The 1887 Buchner Gold Coin set is a unique issue. The set includes 143 baseball cards and has been famous for being a set that includes generic images of players. That assumption, however, isn’t really correct.
Introduction to the 1887 Buchner Gold Coin Set
If you’re unfamiliar with it, the 1887 Buchner Gold Coin set features some of baseball’s earliest players. While trade cards featuring non-specific players were all the rage in the 1880s, the Buchner Gold Coin set was one of the first to picture actual professional players. Jefferson Burdick classified it as N284 in the American Card Catalog.
While the baseball cards are the real prize here, the set actually includes other subjects as well, including jockeys, policemen, and actors. The baseball cards are the most desirable, obviously, but the others are collected, too.
The set is often cited for using generic images of players. The biggest reason for that is because many of the cards duplicated the poses. But does that mean the pictures weren’t meant to feature different players?
Real Pictures of Real Players
At first glance, it seems like the set features generic players. Many of the pictures look exactly the same and run together. Many were interchangeable, it seemed, and that fed into the idea that these weren’t real player-specific cards despite the fact that they used players’ real names, teams, and uniforms. However, I don’t believe this should be considered a ‘generic’ set by any means for a few reasons.
1. Many poses didn’t vary … but the pictures did
The biggest reason this is called a set with generic images is because many poses were recycled for different players. But the cards weren’t identical, or even close to it.
First, player faces changed. You can tell the creators of this set tried to make the cards as specific as possible because the visages weren’t all the same, even for the cards with the same pose. Players with mustaches had them on the cards while players without them in real life did not.
The set even took things a step further. Even players that had mustaches had cards with variances in the mustaches, as seen here in two cards for Sid Farrar and Roger Connor.
To further differentiate players, each picture featured the player in his proper team uniform. These weren’t simply one-size-fits-all uniforms, either. Not only is the player’s actual team printed on it, but the uniforms vary from player to player, even in cards utilizing the same pose as shown here. Further, it’s not as if the backgrounds were the same, either.
The poses were the same. There’s no doubt about that. But while the company saved some money by using the same poses over and over, they also did everything else they could to differentiate the cards to make them player-specific.
2. Many poses were unique
Because many of the images were repeated, one thing that gets lost in the shuffle is the fact that many images are actually unique and used only one time. Recently, I wrote about probably my favorite card in the set, the horizontal image of George Wood. But there are several more images that were not reused, either.

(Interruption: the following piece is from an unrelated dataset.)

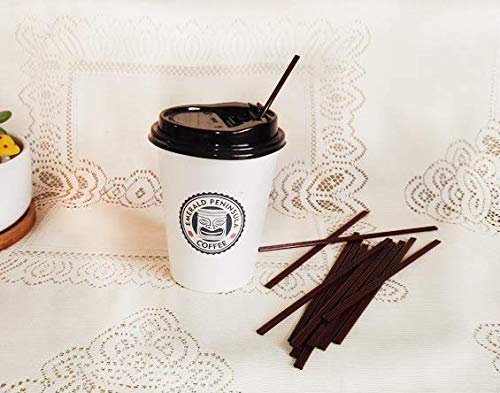 WOIWO 100Pcs Disposable Coffee Sucker Straws, Drinking Straws Hot Drinks Stirring Rods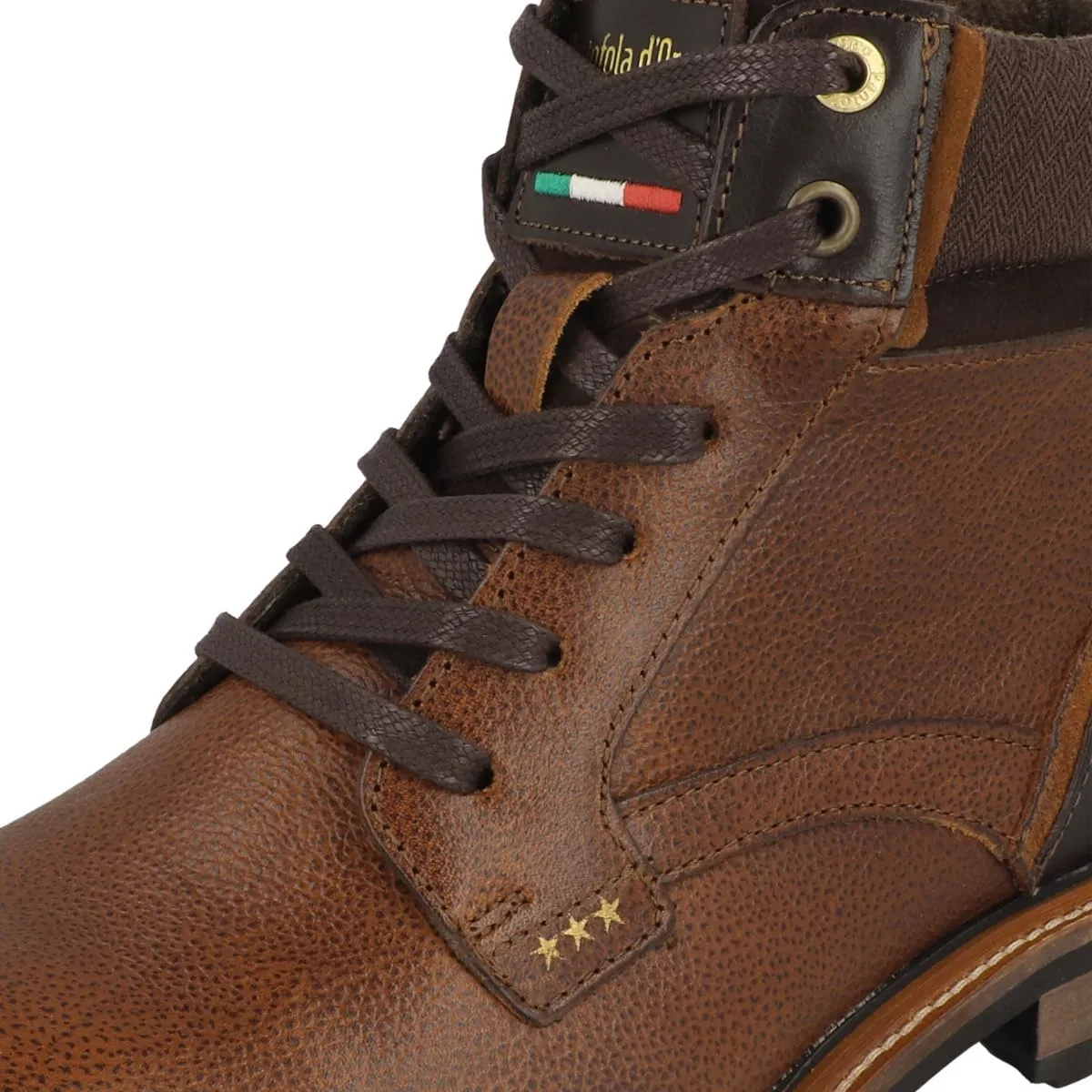 PANTOFOLA D'ORO 1886 Pantofola D'ORO Pantofola d'ORO Pizzoli Uomo Высокие мужские ботинки на шнуровке с аппликацией-лейблом, коричневые, 42 EU — фото 2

The most unique card actually might belong to St. Louis Browns president Chris von der Ahe. His card is the only portrait in the set and features him in a suit against a plain background.
Those aren’t all, though. In fact, dozens of cards in the set have different pictures that are not used among other players. The set gets a bad rap for being a generic issue since some of the pictures are repeated. But to call it a generic set and leave it at that is an overgeneralization.

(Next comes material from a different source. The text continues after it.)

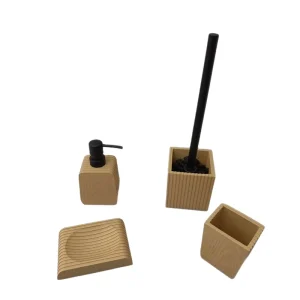 Wood Grain Resin Bathroom Accessories Set with Liquid Soap Dispenser Toilet Brush Holder Toothbrush Holder Soap Dish Factory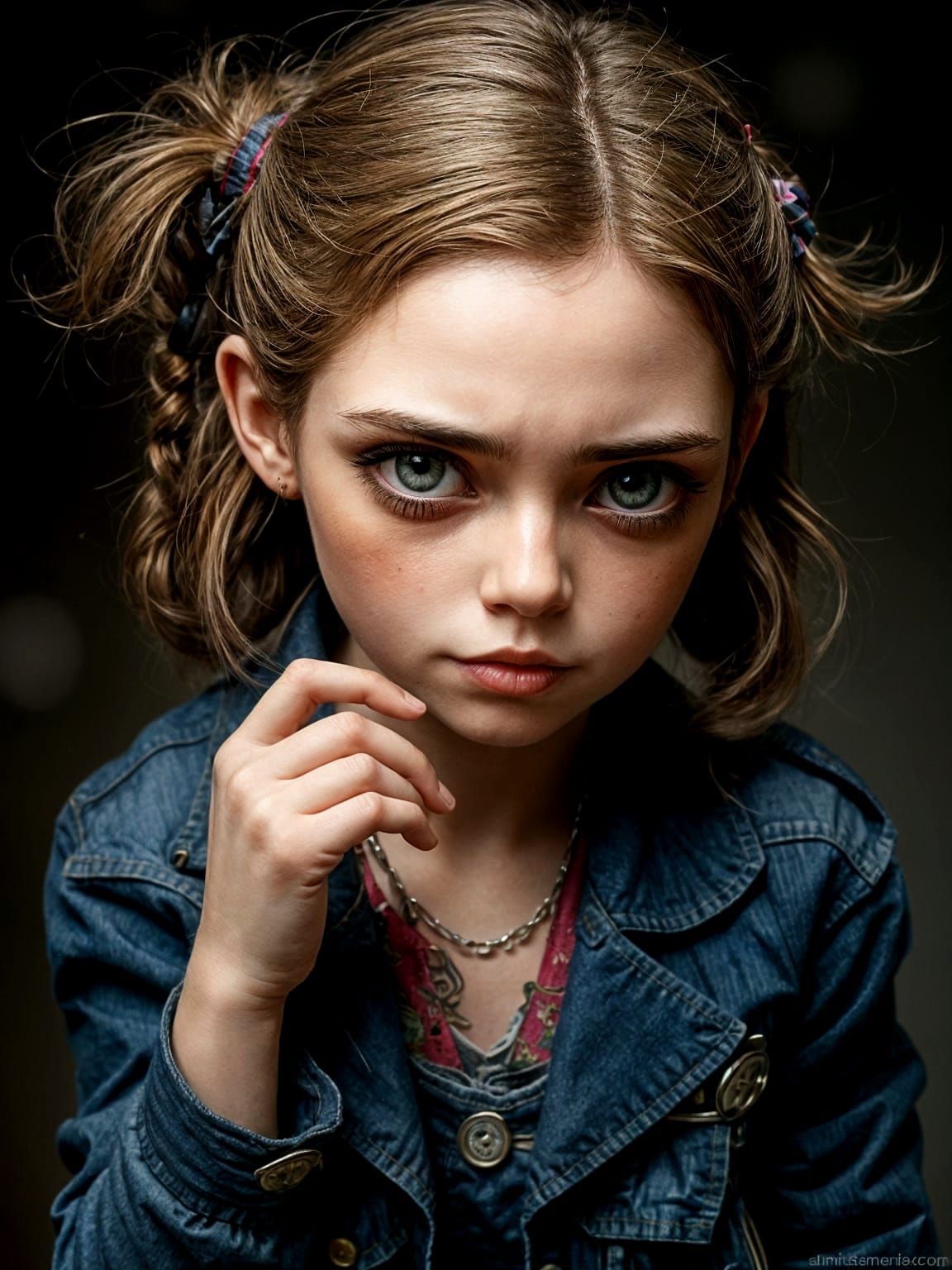 Whimsical Portrait of a Grumpy Girl with Pigtails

It seems like the set is punished for not having the detail of other sets but that’s not really fair. After all, why should we consider cards with poses not duplicated to be generic in any way? If we are, we might as well call the von der Ahe card generic as well – and it clearly isn’t.
3. Jefferson Burdick didn’t appear to think the set featured generic players
I might not be the only person to share this opinion. Jefferson Burdick, author of the American Card Catalog, didn’t indicate that these cards were generic in terms of the images. At least he didn’t say as much.

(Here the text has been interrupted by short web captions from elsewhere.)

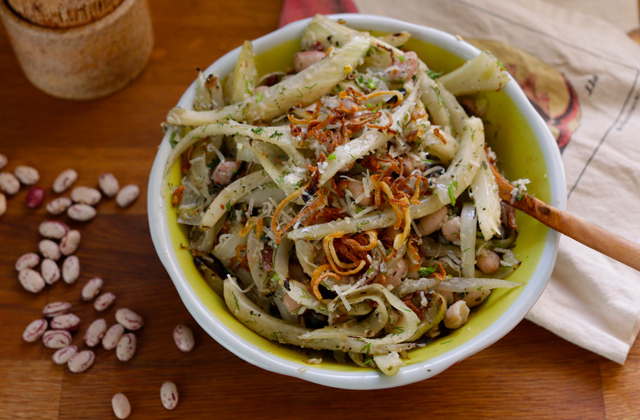 fennel bean and fried shallot salad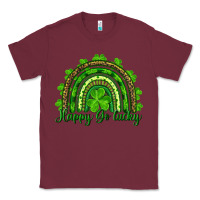 Burgundy st. patricks day happy go lucky Classic Tee - RanaPortraitStore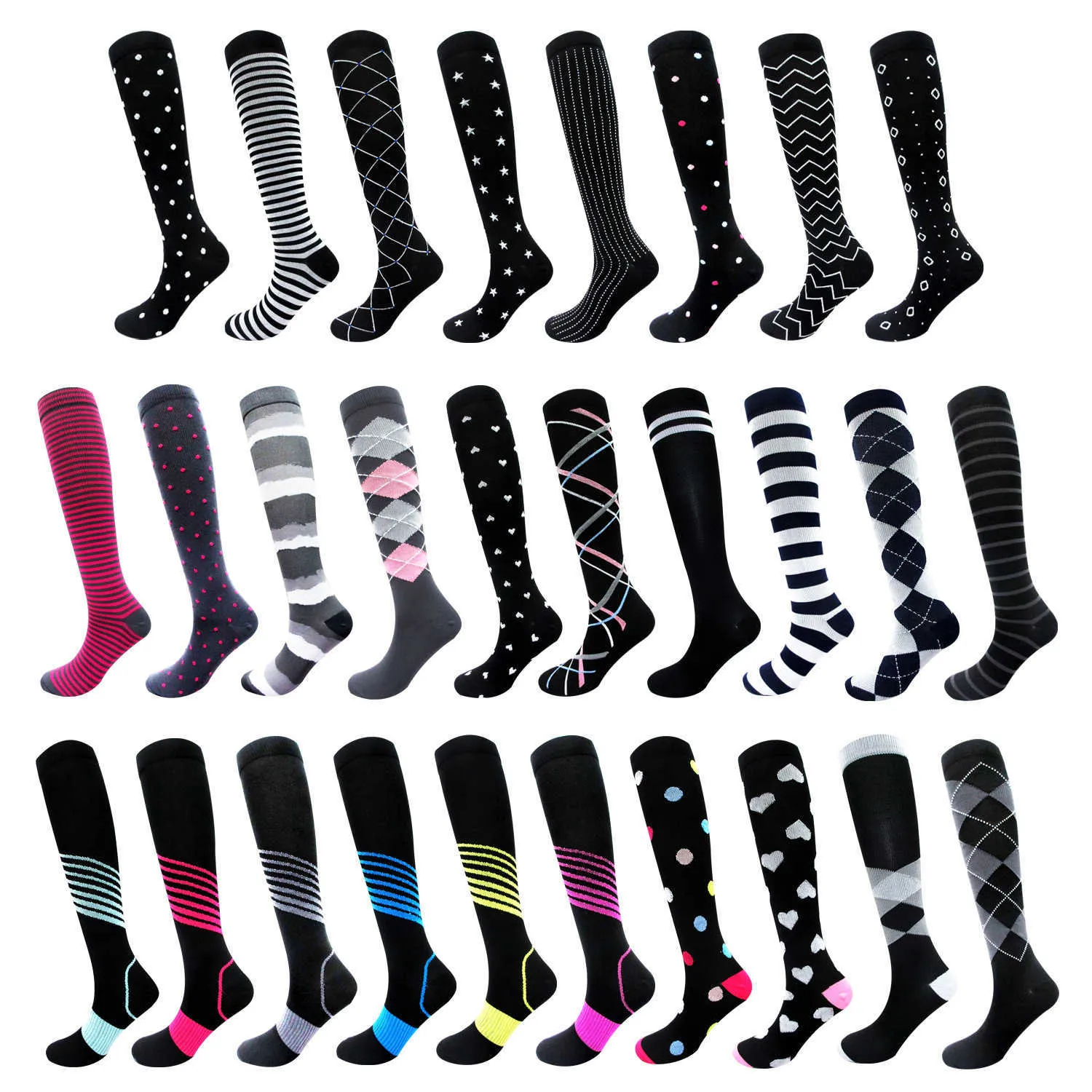 Sokken Hosiery 58 Styles Unisex Compressie Socks Men Women Running Cycling Sports Socks for Edeem Diabetes Variabelen Veins Happy Socks P230517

That might not seem like anything but consider his description of the E91 American Caramel set. Burdick not only mentioned that the release included 33 different images for 99 players, but he also called it a ‘faked design.’ No such characterization exists in his book for this set. Burdick didn’t give this set the same generic tag as he did that one and that’s probably with good reason.
Those cards didn’t have nearly the same kind of variances as found in this set.
In the end, while it’s understandable where the generic tag came from, it’s not really accurate once you take a closer look at the set. Grouping this together with sets such as the E91 American Caramel set isn’t accurate, even if a few of the poses are the same.